_Assigned task_:
Given the records below, would you repeat exactly the lines that begin at the one containing "Tenwin Automatic Plastic" and end at the one containing "Corisande 5 Light", inclusive?

_Data extract_:
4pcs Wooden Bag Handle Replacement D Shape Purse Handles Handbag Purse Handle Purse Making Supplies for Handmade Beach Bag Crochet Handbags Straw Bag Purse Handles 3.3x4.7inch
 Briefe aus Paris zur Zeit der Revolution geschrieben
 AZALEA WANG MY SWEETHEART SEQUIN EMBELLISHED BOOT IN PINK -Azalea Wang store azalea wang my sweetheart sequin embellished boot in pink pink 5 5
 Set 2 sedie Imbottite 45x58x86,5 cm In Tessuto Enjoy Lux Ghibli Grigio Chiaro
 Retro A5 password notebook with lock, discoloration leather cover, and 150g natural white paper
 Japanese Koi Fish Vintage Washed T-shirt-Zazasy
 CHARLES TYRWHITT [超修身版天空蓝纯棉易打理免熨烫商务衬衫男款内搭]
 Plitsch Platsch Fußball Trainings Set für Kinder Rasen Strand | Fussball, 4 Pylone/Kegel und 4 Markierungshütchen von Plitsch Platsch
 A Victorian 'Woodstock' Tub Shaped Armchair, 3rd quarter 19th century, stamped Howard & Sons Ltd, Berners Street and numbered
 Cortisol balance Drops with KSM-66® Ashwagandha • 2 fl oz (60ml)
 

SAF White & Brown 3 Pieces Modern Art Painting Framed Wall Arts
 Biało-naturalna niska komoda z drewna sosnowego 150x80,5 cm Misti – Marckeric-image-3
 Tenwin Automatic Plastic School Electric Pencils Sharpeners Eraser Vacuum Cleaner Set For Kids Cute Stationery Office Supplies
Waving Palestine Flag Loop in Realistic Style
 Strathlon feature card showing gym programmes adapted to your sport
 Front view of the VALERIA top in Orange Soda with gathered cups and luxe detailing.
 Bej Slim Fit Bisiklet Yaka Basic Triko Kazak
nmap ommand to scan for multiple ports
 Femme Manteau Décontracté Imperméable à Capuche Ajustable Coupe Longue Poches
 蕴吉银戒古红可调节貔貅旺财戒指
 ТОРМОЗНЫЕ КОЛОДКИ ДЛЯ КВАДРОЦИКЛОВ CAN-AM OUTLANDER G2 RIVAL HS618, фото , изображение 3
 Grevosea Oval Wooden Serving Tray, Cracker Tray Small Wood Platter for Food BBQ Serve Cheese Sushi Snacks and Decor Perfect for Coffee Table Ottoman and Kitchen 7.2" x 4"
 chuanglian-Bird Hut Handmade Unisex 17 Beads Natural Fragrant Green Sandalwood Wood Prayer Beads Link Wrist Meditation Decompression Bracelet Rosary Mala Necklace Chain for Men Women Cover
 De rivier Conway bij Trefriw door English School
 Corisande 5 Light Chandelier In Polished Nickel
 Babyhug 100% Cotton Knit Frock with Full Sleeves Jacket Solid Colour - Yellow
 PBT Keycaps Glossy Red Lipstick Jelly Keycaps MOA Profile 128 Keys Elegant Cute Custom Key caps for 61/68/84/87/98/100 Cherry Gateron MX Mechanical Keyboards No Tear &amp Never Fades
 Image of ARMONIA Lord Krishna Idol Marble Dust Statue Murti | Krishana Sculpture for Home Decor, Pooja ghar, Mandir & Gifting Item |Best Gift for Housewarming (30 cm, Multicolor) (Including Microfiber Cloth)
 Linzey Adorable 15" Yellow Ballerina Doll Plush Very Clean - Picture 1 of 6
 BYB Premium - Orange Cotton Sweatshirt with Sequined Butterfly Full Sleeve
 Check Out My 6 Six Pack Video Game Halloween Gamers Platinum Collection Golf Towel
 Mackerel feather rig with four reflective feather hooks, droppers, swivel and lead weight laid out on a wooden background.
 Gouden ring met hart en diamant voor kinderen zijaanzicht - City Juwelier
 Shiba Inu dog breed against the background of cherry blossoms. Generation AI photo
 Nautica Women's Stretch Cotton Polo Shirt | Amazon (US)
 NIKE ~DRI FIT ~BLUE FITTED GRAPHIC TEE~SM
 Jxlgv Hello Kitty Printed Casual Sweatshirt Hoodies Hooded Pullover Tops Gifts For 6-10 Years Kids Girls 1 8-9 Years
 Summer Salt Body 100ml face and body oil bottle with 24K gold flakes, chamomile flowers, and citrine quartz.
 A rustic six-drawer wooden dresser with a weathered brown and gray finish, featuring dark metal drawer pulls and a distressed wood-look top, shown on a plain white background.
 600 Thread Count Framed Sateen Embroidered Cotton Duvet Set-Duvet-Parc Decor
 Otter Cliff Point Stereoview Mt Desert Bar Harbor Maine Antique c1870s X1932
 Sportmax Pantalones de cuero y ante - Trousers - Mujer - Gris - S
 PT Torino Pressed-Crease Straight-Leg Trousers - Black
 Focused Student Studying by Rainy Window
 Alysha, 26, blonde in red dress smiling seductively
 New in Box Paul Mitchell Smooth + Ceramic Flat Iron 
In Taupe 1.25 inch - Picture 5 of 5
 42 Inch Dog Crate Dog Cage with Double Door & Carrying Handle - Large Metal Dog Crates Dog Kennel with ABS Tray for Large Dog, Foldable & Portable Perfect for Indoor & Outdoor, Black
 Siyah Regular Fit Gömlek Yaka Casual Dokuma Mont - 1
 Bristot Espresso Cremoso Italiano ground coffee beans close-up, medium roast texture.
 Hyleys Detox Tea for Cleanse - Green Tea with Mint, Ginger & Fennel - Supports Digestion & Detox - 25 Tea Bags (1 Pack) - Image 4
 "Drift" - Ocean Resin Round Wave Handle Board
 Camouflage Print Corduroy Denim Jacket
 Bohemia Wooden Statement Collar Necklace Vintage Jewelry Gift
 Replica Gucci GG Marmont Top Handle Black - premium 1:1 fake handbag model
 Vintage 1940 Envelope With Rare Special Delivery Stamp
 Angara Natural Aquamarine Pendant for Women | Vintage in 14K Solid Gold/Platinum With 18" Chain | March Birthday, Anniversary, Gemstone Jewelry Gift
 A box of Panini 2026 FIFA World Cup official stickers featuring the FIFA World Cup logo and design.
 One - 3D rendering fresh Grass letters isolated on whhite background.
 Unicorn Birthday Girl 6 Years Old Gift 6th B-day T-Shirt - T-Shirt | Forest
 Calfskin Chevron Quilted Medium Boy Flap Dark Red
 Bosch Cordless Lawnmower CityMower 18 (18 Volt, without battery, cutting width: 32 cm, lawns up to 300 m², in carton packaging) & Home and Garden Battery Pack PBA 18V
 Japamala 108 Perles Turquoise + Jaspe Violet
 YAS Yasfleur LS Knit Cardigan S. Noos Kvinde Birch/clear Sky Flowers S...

_Exercise answer_:
 Tenwin Automatic Plastic School Electric Pencils Sharpeners Eraser Vacuum Cleaner Set For Kids Cute Stationery Office Supplies
Waving Palestine Flag Loop in Realistic Style
 Strathlon feature card showing gym programmes adapted to your sport
 Front view of the VALERIA top in Orange Soda with gathered cups and luxe detailing.
 Bej Slim Fit Bisiklet Yaka Basic Triko Kazak
nmap ommand to scan for multiple ports
 Femme Manteau Décontracté Imperméable à Capuche Ajustable Coupe Longue Poches
 蕴吉银戒古红可调节貔貅旺财戒指
 ТОРМОЗНЫЕ КОЛОДКИ ДЛЯ КВАДРОЦИКЛОВ CAN-AM OUTLANDER G2 RIVAL HS618, фото , изображение 3
 Grevosea Oval Wooden Serving Tray, Cracker Tray Small Wood Platter for Food BBQ Serve Cheese Sushi Snacks and Decor Perfect for Coffee Table Ottoman and Kitchen 7.2" x 4"
 chuanglian-Bird Hut Handmade Unisex 17 Beads Natural Fragrant Green Sandalwood Wood Prayer Beads Link Wrist Meditation Decompression Bracelet Rosary Mala Necklace Chain for Men Women Cover
 De rivier Conway bij Trefriw door English School
 Corisande 5 Light Chandelier In Polished Nickel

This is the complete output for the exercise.